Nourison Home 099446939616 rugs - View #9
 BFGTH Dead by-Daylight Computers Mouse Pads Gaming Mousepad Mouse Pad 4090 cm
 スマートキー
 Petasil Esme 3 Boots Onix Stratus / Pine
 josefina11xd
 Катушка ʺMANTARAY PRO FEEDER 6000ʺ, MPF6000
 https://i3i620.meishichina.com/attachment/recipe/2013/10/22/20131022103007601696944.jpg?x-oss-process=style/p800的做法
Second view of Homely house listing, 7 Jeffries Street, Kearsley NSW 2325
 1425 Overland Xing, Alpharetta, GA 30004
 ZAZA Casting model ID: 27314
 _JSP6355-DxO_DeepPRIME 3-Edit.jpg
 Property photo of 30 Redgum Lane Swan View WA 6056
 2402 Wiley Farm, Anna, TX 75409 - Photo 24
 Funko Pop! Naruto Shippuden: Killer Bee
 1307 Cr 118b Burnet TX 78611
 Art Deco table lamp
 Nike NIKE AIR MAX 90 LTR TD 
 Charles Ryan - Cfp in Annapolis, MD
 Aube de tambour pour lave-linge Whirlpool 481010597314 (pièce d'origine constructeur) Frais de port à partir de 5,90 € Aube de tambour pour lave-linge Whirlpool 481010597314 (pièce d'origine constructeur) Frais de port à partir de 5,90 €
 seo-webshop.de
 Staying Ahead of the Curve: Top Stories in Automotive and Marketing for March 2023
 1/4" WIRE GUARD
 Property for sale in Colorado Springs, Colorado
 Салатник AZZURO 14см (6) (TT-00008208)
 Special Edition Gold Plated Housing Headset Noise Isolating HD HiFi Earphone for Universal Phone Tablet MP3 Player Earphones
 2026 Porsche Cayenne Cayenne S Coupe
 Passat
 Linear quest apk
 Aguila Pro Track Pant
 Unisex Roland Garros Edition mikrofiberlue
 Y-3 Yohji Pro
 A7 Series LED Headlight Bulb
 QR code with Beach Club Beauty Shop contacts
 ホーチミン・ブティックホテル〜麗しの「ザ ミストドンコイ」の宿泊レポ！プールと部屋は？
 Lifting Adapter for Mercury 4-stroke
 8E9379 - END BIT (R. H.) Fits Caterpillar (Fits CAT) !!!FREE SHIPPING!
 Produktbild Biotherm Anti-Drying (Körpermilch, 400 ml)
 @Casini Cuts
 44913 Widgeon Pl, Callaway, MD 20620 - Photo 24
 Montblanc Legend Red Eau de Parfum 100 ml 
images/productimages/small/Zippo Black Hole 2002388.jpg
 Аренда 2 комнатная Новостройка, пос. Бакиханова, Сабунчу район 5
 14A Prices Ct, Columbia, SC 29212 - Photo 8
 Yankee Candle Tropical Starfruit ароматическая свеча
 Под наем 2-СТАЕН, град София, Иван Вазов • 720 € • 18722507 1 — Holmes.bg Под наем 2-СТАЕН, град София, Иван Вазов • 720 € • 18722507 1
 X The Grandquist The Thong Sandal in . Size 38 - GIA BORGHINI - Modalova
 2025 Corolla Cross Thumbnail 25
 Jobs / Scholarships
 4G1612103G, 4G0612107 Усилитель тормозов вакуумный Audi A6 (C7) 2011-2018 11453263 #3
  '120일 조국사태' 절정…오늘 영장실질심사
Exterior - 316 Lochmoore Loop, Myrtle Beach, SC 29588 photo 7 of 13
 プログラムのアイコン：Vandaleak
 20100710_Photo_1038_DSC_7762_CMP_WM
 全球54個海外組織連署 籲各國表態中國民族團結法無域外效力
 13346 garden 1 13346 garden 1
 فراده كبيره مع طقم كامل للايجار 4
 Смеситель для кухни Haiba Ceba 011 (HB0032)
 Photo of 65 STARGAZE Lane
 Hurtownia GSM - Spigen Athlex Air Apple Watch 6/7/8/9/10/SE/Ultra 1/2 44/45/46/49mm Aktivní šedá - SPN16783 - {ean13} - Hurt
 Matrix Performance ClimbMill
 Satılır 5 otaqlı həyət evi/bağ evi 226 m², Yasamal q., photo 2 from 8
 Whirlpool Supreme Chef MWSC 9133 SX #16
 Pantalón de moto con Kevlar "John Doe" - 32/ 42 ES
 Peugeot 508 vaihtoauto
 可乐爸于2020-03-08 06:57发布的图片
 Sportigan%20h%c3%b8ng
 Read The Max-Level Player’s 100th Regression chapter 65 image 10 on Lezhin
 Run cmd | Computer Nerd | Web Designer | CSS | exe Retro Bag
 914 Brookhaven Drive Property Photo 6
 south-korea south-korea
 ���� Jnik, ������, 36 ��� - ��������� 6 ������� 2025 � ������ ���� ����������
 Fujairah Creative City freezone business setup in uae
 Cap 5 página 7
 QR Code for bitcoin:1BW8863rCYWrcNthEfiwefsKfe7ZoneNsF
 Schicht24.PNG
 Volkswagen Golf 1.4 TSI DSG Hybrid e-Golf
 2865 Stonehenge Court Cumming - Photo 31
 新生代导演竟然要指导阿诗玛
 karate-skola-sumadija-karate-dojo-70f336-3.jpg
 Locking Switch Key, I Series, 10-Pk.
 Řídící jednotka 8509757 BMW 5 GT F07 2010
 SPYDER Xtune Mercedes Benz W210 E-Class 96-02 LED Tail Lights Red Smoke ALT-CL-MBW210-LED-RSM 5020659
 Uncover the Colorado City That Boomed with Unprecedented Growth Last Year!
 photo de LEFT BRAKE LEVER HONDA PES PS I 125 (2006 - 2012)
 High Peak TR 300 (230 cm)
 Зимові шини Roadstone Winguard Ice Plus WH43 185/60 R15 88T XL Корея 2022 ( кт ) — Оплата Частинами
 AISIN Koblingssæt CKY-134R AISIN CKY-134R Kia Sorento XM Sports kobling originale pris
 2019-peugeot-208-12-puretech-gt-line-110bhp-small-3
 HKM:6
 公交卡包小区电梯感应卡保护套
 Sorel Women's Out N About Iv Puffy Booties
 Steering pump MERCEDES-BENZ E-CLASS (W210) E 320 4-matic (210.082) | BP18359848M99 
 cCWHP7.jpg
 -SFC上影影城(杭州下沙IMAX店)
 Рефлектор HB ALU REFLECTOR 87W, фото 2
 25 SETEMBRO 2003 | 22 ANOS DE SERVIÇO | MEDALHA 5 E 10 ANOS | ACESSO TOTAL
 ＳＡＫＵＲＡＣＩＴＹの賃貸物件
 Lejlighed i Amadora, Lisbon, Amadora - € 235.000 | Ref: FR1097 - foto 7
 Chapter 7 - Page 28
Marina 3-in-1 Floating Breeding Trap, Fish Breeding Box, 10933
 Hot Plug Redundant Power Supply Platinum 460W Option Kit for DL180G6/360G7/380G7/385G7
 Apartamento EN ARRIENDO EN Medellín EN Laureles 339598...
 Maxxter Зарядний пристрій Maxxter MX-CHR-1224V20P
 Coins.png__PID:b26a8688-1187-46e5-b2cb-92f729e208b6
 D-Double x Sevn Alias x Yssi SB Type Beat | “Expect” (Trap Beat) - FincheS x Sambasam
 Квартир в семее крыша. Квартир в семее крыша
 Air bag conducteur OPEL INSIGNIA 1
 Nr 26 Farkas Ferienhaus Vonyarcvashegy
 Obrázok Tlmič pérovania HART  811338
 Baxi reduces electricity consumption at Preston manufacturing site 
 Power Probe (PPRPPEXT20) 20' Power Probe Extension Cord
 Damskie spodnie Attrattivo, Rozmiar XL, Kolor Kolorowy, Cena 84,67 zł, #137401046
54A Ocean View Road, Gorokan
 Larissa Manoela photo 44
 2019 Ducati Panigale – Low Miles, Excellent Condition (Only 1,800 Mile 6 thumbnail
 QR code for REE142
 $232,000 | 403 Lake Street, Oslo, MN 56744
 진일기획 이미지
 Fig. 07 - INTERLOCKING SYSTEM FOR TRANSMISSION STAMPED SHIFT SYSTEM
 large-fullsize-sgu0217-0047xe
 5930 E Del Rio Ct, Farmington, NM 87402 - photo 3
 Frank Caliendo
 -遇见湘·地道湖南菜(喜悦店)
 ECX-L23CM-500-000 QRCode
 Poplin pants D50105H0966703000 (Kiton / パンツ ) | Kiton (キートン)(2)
____
• Exercise: Only the number is needed here: how many lines of the listing include "Player"?

• Solution: 2